● What you will do
Look below for the line with "Mennens - afbeelding" and the line with "Bedacht Fedora Pflaume". Copy exactly those two lines and every line between, but not the pictures.

● Dataset
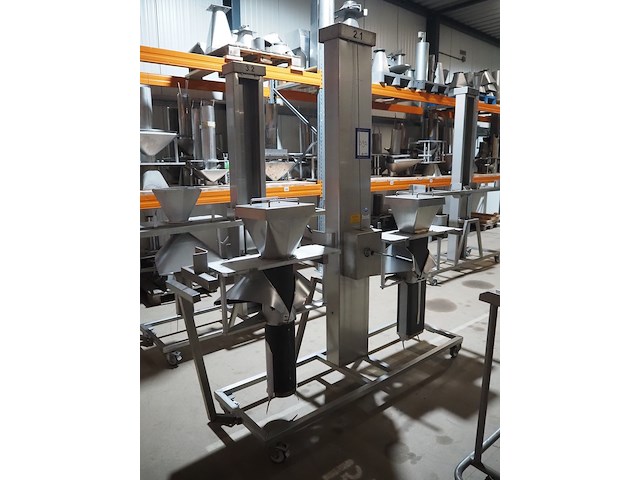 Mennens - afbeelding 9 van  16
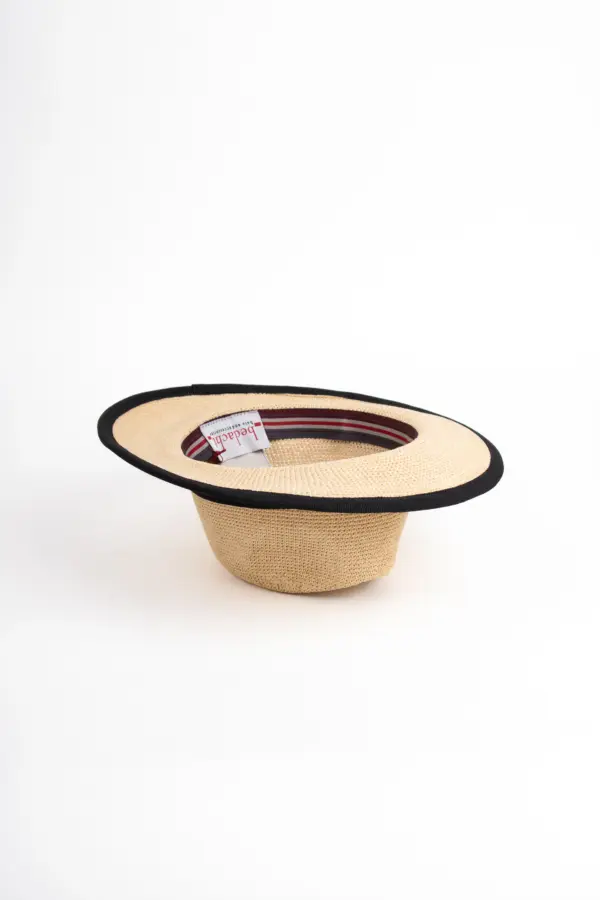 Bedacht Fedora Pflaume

* * *

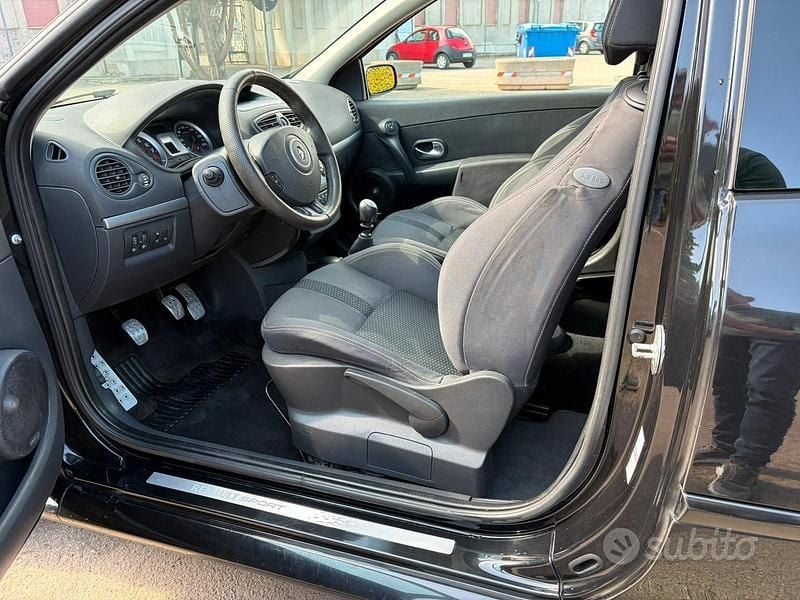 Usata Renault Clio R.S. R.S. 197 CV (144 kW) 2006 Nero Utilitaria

---

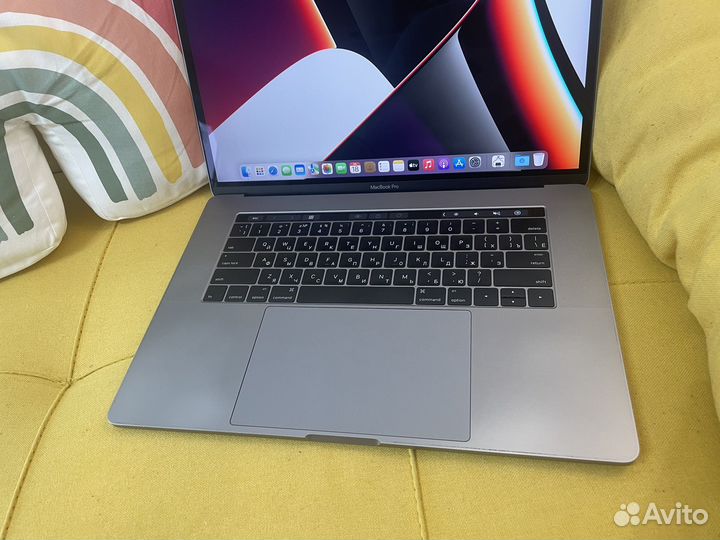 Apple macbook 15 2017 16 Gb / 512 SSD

● Exercise response
 Mennens - afbeelding 9 van  16
 Bedacht Fedora Pflaume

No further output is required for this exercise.